Records to use.
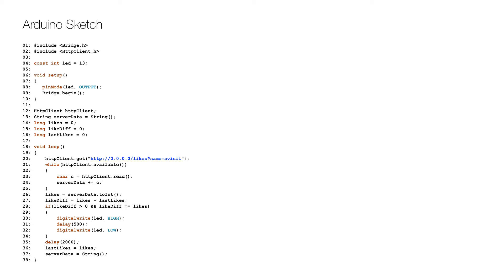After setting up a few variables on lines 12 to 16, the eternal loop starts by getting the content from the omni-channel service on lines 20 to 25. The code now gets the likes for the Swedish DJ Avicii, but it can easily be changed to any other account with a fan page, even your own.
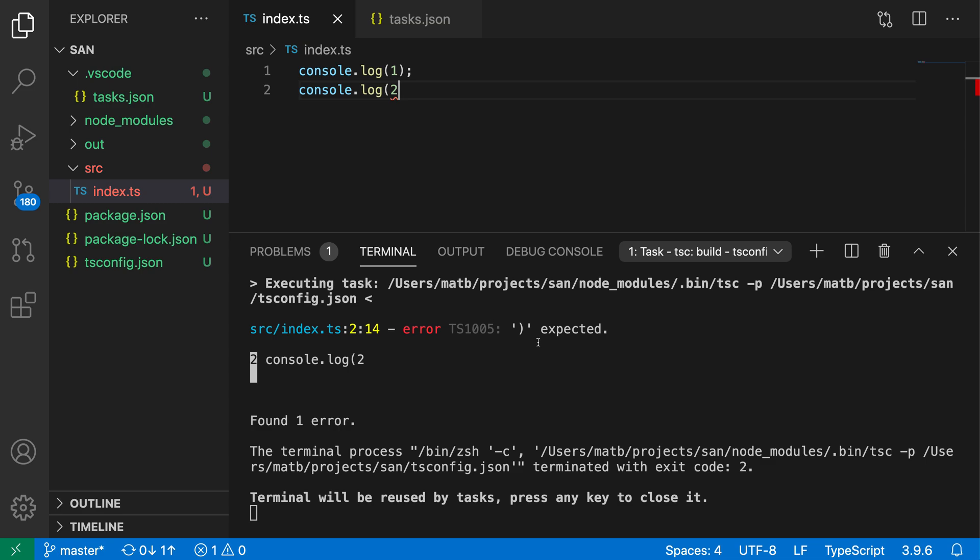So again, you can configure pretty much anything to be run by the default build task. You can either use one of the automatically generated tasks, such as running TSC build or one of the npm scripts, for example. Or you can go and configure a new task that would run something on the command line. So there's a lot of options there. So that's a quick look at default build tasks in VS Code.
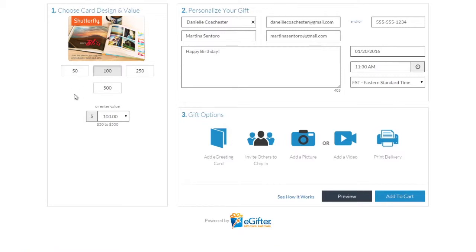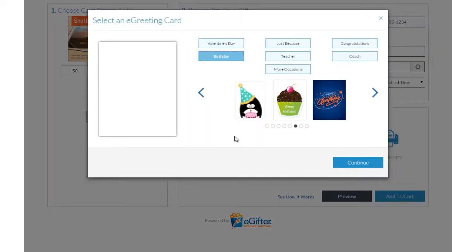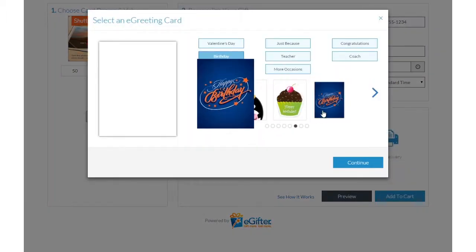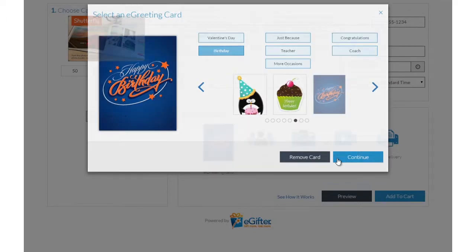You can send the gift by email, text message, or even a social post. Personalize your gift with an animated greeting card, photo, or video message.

--

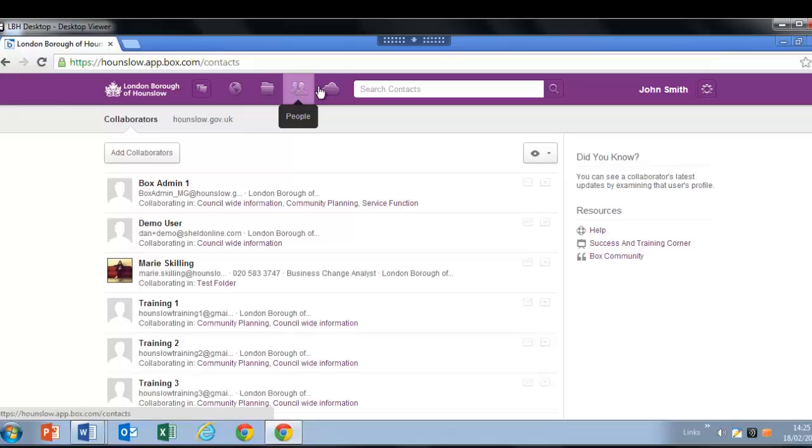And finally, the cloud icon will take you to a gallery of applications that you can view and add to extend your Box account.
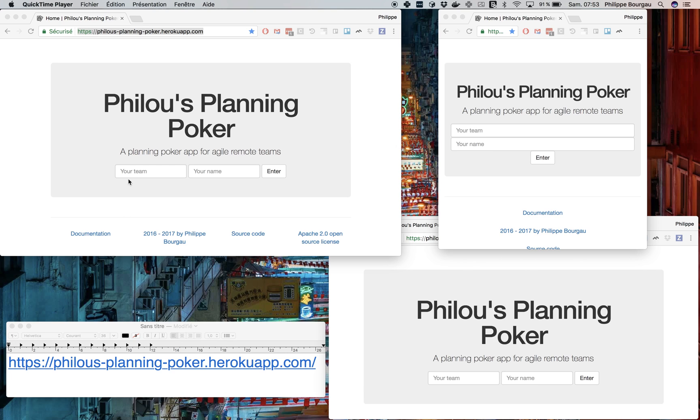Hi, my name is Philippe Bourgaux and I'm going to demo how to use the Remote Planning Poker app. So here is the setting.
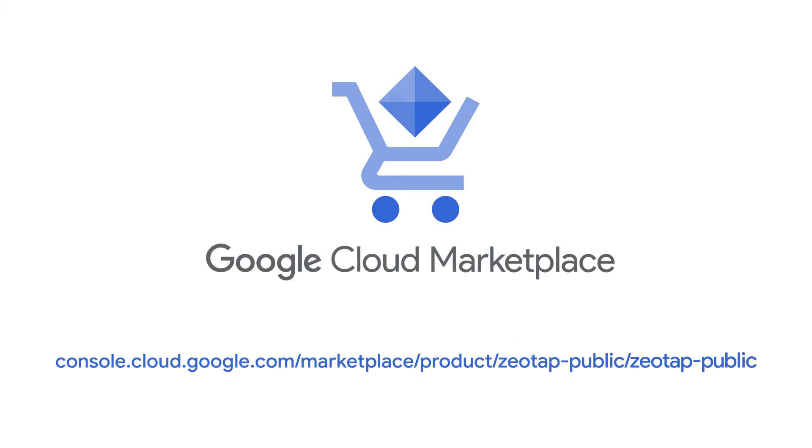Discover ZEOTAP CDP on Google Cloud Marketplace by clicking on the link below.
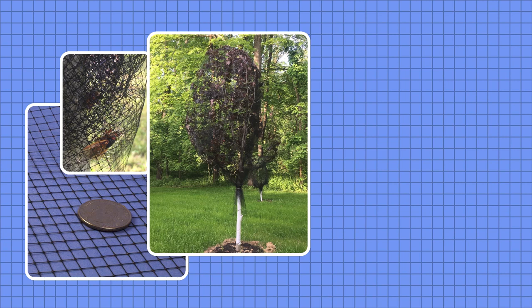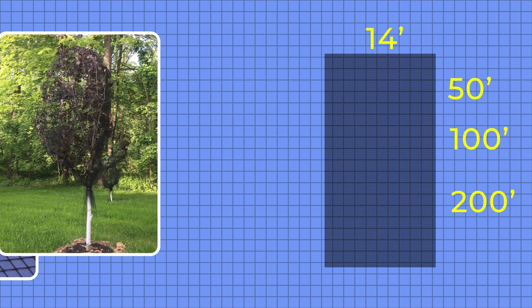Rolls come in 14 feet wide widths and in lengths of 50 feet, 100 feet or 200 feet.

Exercise instructions. Repeat the lines above exactly, beginning with the one containing "And finally, the" and finishing with the one containing "Discover ZEOTAP CDP". No pictures belong in the copy.

Answer to the problem.
And finally, the cloud icon will take you to a gallery of applications that you can view and add to extend your Box account.
Hi, my name is Philippe Bourgaux and I'm going to demo how to use the Remote Planning Poker app. So here is the setting.
Discover ZEOTAP CDP on Google Cloud Marketplace by clicking on the link below.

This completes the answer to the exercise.